- [Data for analysis]:

◆ ◆ ◆ ◆ ◆

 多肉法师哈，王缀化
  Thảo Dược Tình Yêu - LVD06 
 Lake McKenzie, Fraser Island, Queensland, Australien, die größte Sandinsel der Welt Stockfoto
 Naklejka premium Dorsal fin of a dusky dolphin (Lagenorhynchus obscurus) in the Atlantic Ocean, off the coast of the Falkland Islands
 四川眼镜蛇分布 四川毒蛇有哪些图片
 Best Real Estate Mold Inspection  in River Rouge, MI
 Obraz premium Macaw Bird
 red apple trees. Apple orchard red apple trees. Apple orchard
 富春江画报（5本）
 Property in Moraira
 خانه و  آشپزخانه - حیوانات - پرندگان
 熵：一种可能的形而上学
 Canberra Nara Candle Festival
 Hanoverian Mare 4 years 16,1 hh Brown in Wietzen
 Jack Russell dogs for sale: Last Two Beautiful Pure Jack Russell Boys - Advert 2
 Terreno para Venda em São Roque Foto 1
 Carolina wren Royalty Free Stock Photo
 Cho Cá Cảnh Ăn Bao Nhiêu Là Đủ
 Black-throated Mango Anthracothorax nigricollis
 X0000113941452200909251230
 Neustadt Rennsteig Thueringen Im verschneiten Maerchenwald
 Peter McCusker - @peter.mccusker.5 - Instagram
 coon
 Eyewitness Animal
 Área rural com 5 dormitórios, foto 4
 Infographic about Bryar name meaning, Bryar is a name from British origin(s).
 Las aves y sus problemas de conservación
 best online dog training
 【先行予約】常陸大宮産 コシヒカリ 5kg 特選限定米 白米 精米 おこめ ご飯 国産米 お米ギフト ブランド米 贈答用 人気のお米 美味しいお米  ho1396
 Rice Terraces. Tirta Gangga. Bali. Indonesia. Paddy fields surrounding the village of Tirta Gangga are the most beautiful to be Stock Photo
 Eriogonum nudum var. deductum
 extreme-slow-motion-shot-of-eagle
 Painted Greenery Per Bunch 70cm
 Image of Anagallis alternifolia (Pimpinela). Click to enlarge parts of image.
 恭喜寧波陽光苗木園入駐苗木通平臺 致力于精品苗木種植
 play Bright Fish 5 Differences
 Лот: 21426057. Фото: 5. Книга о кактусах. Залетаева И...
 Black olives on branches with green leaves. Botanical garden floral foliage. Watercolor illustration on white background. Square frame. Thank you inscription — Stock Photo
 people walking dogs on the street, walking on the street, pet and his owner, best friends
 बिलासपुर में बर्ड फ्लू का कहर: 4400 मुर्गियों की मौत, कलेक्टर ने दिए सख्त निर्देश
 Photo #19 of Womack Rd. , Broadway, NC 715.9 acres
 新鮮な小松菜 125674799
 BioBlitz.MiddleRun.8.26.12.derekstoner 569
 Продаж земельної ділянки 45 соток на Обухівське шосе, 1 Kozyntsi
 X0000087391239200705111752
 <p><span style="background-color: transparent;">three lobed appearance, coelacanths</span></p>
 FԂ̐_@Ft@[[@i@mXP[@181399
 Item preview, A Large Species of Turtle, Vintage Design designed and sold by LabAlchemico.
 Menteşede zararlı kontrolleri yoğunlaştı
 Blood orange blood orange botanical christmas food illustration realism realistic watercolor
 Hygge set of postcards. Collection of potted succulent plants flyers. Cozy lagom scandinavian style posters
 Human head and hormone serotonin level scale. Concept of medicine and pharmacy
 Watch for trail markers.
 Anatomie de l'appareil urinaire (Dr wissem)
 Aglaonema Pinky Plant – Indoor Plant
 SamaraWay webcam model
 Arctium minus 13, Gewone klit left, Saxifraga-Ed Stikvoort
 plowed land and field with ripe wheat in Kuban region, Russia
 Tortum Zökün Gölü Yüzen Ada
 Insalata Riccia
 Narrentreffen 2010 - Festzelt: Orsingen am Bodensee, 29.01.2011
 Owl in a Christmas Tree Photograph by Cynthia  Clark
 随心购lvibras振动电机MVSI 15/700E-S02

◆ ◆ ◆ ◆ ◆

- [Work required]:
Reproduce exactly the entries above, limited to the lines from the one with "Infographic about Bryar" through the one with "コシヒカリ 5kg 特選限定米", both included.

- [Completed task]:
 Infographic about Bryar name meaning, Bryar is a name from British origin(s).
 Las aves y sus problemas de conservación
 best online dog training
 【先行予約】常陸大宮産 コシヒカリ 5kg 特選限定米 白米 精米 おこめ ご飯 国産米 お米ギフト ブランド米 贈答用 人気のお米 美味しいお米  ho1396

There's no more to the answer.